🤖 AI Summary
This work addresses the weak alignment between language annotations and vehicle actions or terrain geometry in existing off-road driving datasets, which limits the ability of vision-language models to generate accurate 3D trajectories. To overcome this, the authors propose an action-aligned language refinement framework combined with a terrain-aware negative-sample preference optimization strategy, enabling direct generation of geometrically consistent 3D trajectories from a single image.

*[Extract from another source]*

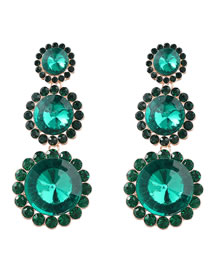 Fashion Green Alloy Diamond Round Drop Earrings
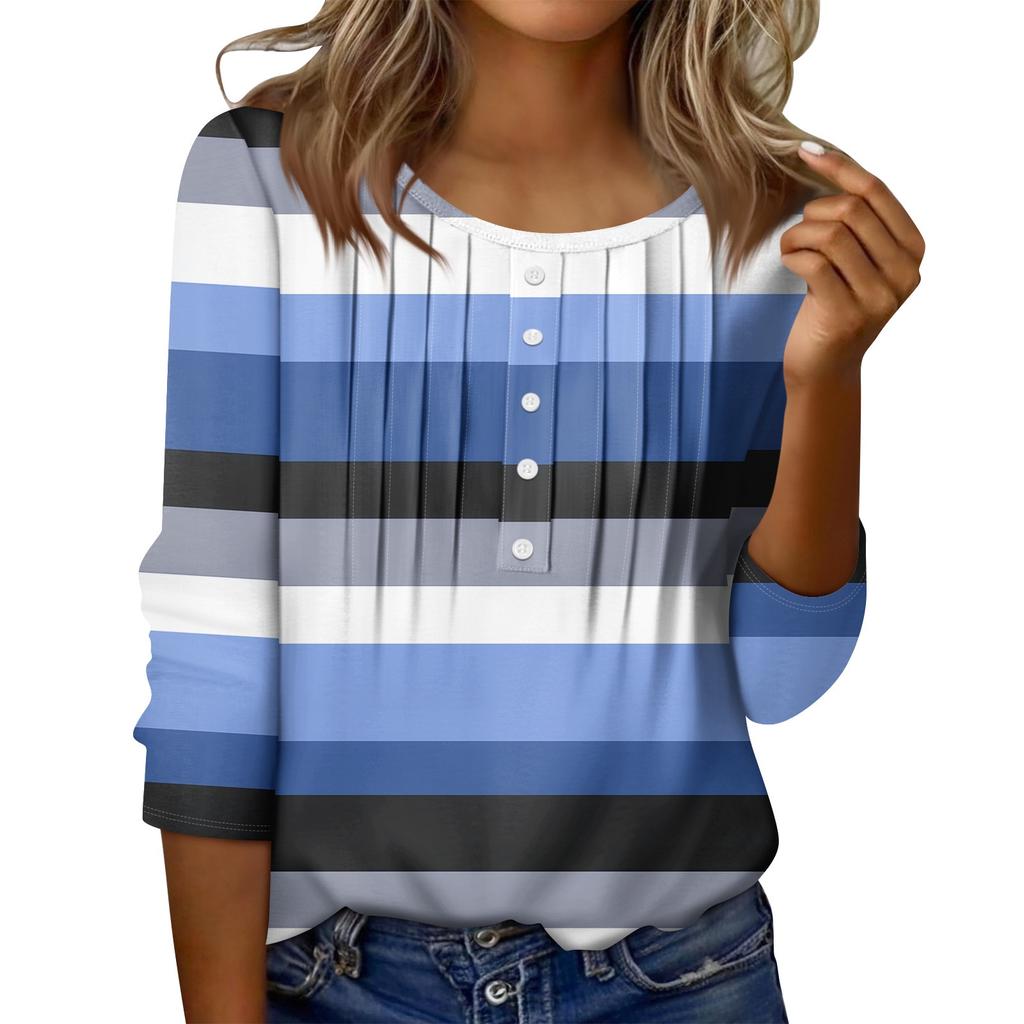Женский топ с круглым вырезом, декоративными пуговицами и полосками, повседневная футболка однотонного цвета с рукавом 3/4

The study introduces two novel evaluation metrics—traversability compliance and elevation contour consistency—to better assess trajectory quality. Evaluated on the ORAD-3D benchmark, the method reduces the average trajectory error from 1.01 m to 0.97 m, improves traversability compliance to 0.644, and lowers elevation inconsistency to 0.322, demonstrating enhanced geometric fidelity and terrain awareness.
📝 Abstract
While Vision-Language Models (VLMs) enable high-level semantic reasoning for end-to-end autonomous driving, particularly in unstructured environments, existing off-road datasets suffer from language annotations that are weakly aligned with vehicle actions and terrain geometry. To address this misalignment, we propose a language refinement framework that restructures annotations into action-aligned pairs, enabling a VLM to generate refined scene descriptions and 3D future trajectories directly from a single image. To further encourage terrain-aware planning, we introduce a preference optimization strategy that constructs geometry-aware hard negatives and explicitly penalizes trajectories inconsistent with local elevation profiles. Furthermore, we propose off-road-specific metrics to quantify traversability compliance and elevation consistency, addressing the limitations of conventional on-road evaluation. Experiments on the ORAD-3D benchmark demonstrate that our approach reduces average trajectory error from 1.01m to 0.97m, improves traversability compliance from 0.621 to 0.644, and decreases elevation inconsistency from 0.428 to 0.322, highlighting the efficacy of action-aligned supervision and terrain-aware optimization for robust off-road driving.